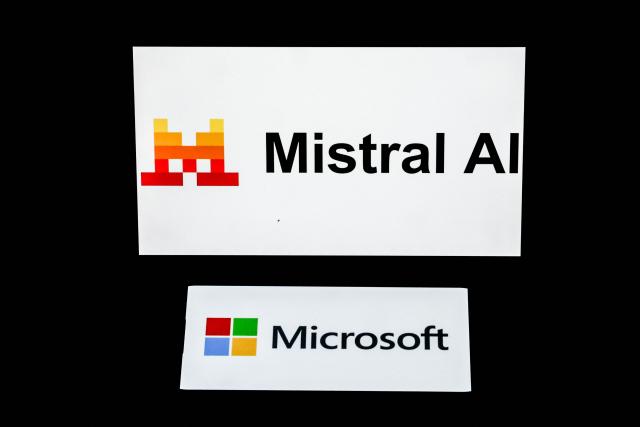 This illustration photograph shows the logos of Microsoft (bottom) and Mistral AI displayed on screens, in Paris on July 21, 2026. Microsoft and Mistral said on July 21, 2026 they had signed a "multibillion dollar" deal for the US tech giant to use the French AI developer's computing infrastructure in Europe. The agreement would grant Microsoft access to "Europe-based GPU (graphics processing unit) infrastructure to increase capacity for AI development and to support the delivery of Microsoft's cloud and AI services," the companies said in a joint statement. (Photo by Xavier GALIANA / AFP)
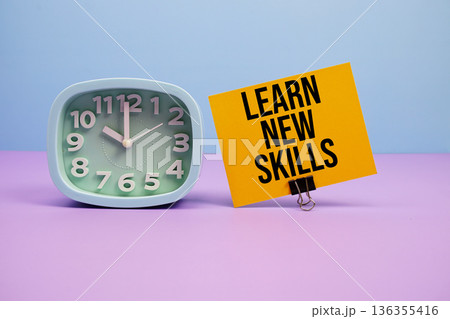 Learn New Skills text and alarm clock on blue and purple background 136355416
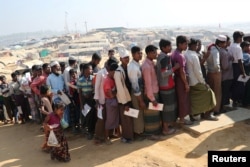 FILE - Rohingya refugees stand in a queue to collect aid supplies in Kutupalong refugee camp in Cox's Bazar, Bangladesh, Jan. 21, 2018.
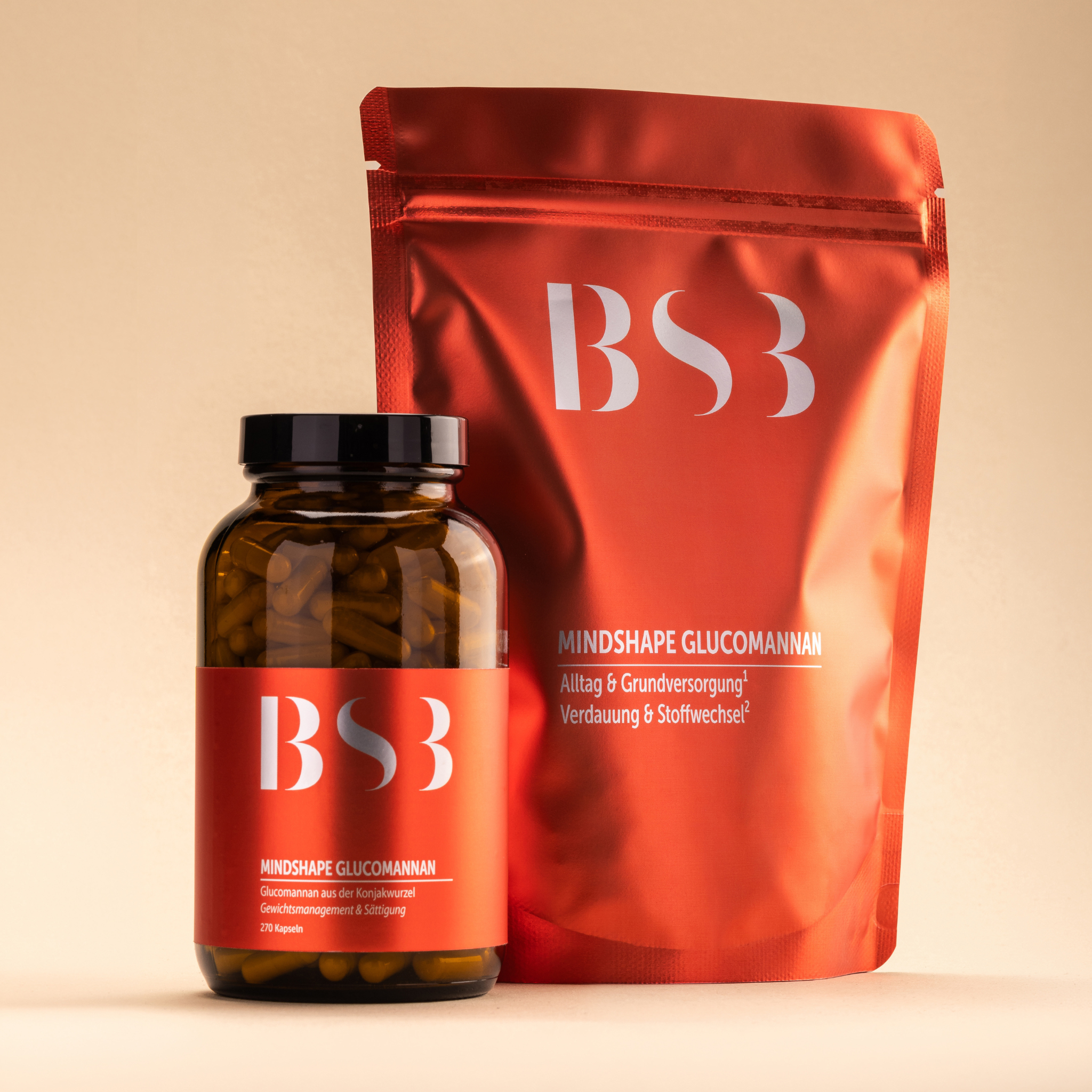 Drei MINDSHAPE Glucomannan Kapseln von BeautySystem-3, Nahaufnahme der schwarzen Kapseln in einem weißen Behälter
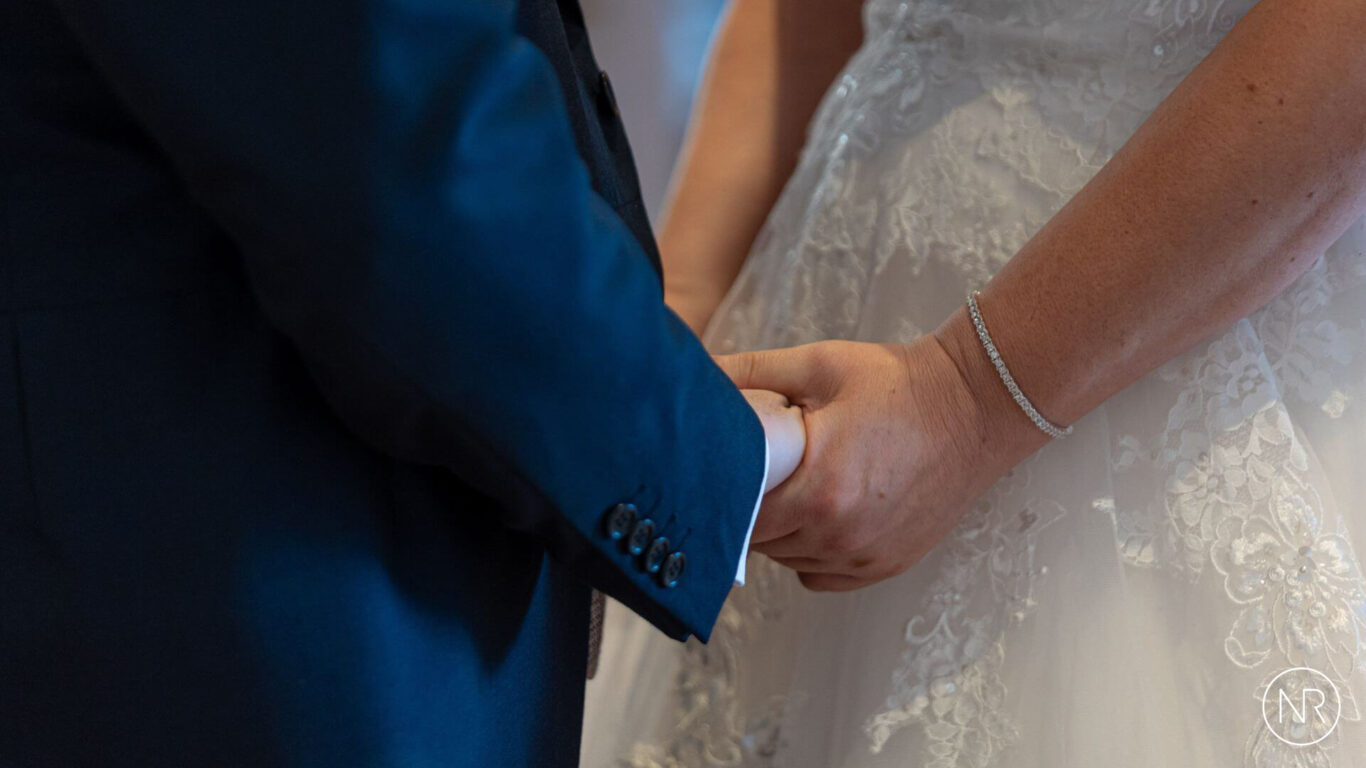 Nathan-Roberts-bride-and-groom-saying-vows-logo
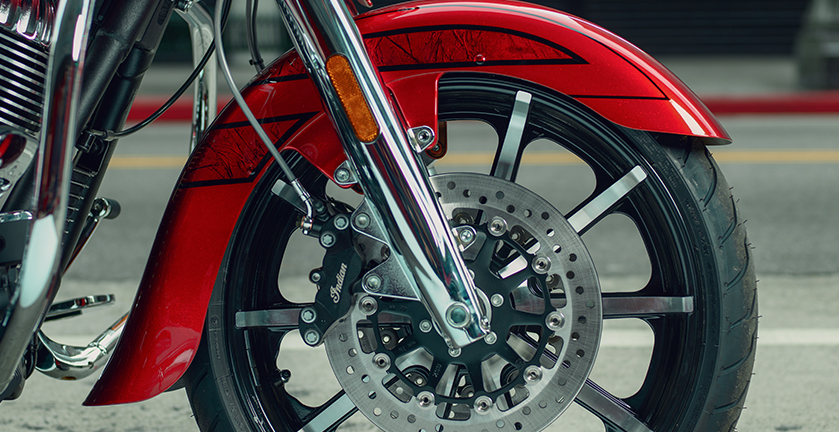 Wheel detail of Indian Motorcycle's new Chieftain Elite showing open fender and aluminum-cast wheel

.....

— Directions —
Every record must be returned exactly. Leave its pictures out.

— Task output —
 This illustration photograph shows the logos of Microsoft (bottom) and Mistral AI displayed on screens, in Paris on July 21, 2026. Microsoft and Mistral said on July 21, 2026 they had signed a "multibillion dollar" deal for the US tech giant to use the French AI developer's computing infrastructure in Europe. The agreement would grant Microsoft access to "Europe-based GPU (graphics processing unit) infrastructure to increase capacity for AI development and to support the delivery of Microsoft's cloud and AI services," the companies said in a joint statement. (Photo by Xavier GALIANA / AFP)
 Learn New Skills text and alarm clock on blue and purple background 136355416
 FILE - Rohingya refugees stand in a queue to collect aid supplies in Kutupalong refugee camp in Cox's Bazar, Bangladesh, Jan. 21, 2018.
 Drei MINDSHAPE Glucomannan Kapseln von BeautySystem-3, Nahaufnahme der schwarzen Kapseln in einem weißen Behälter
 Nathan-Roberts-bride-and-groom-saying-vows-logo
 Wheel detail of Indian Motorcycle's new Chieftain Elite showing open fender and aluminum-cast wheel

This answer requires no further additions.